**Exercise objective**
Up to and including the line that holds "MOTHERLODE trademark", print the data exactly from its first line; do not print the pictures.

**Records to process**
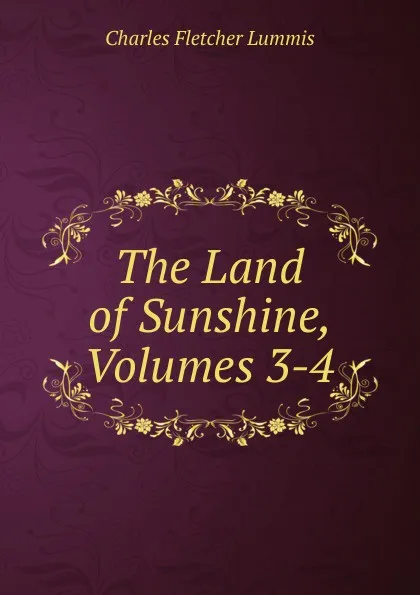 Обложка книги The Land of Sunshine, Volumes 3-4, Charles Fletcher Lummis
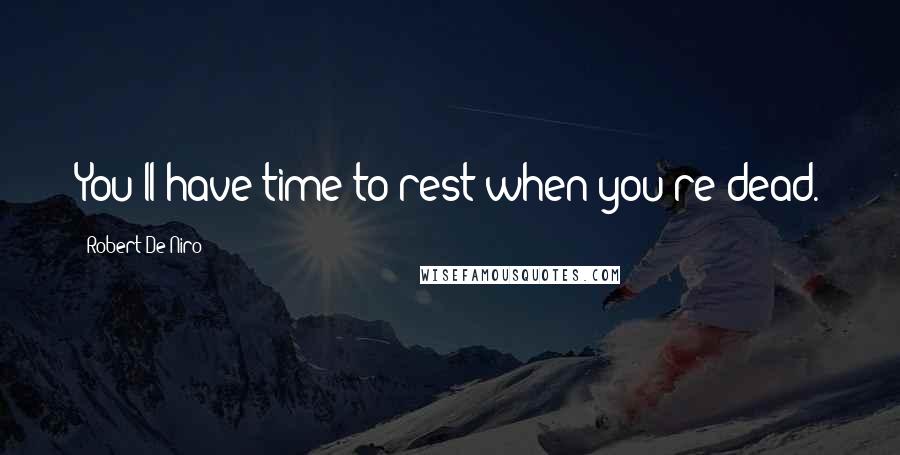 Robert De Niro Quotes: You'll have time to rest when you're dead.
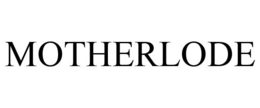 MOTHERLODE trademark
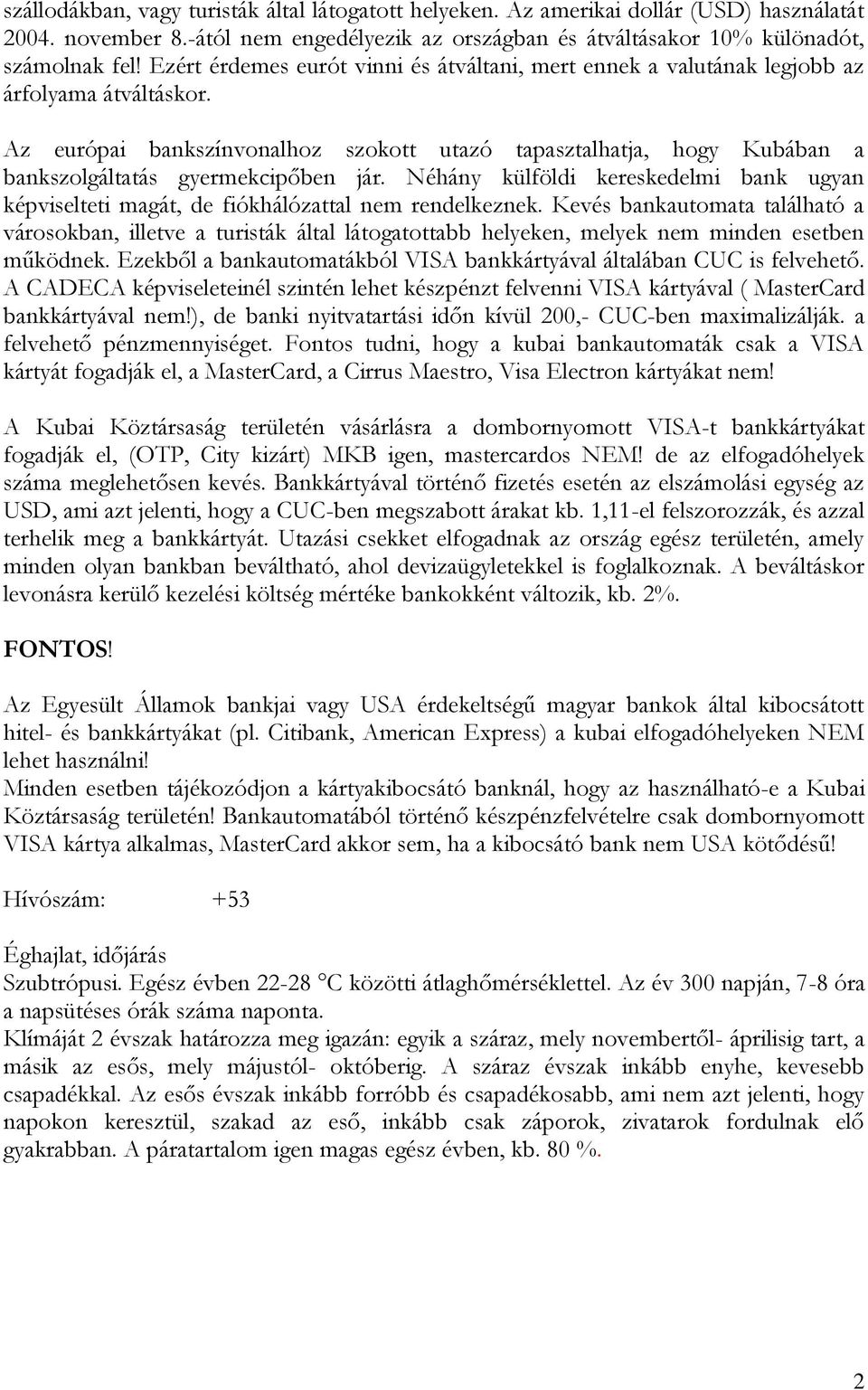 Az európai bankszínvonalhoz szokott utazó tapasztalhatja, hogy Kubában a bankszolgáltatás gyermekcipőben jár.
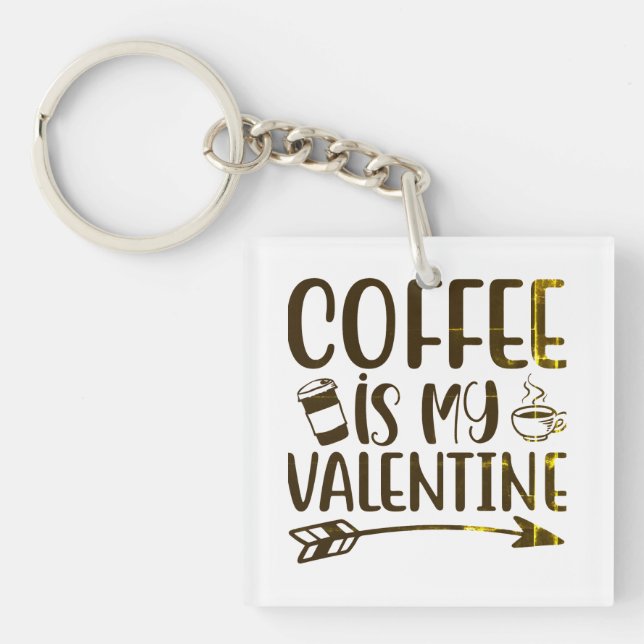 Coffee is my valentine key ring (Front)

**Exercise solution**
 Обложка книги The Land of Sunshine, Volumes 3-4, Charles Fletcher Lummis
 Robert De Niro Quotes: You'll have time to rest when you're dead.
 MOTHERLODE trademark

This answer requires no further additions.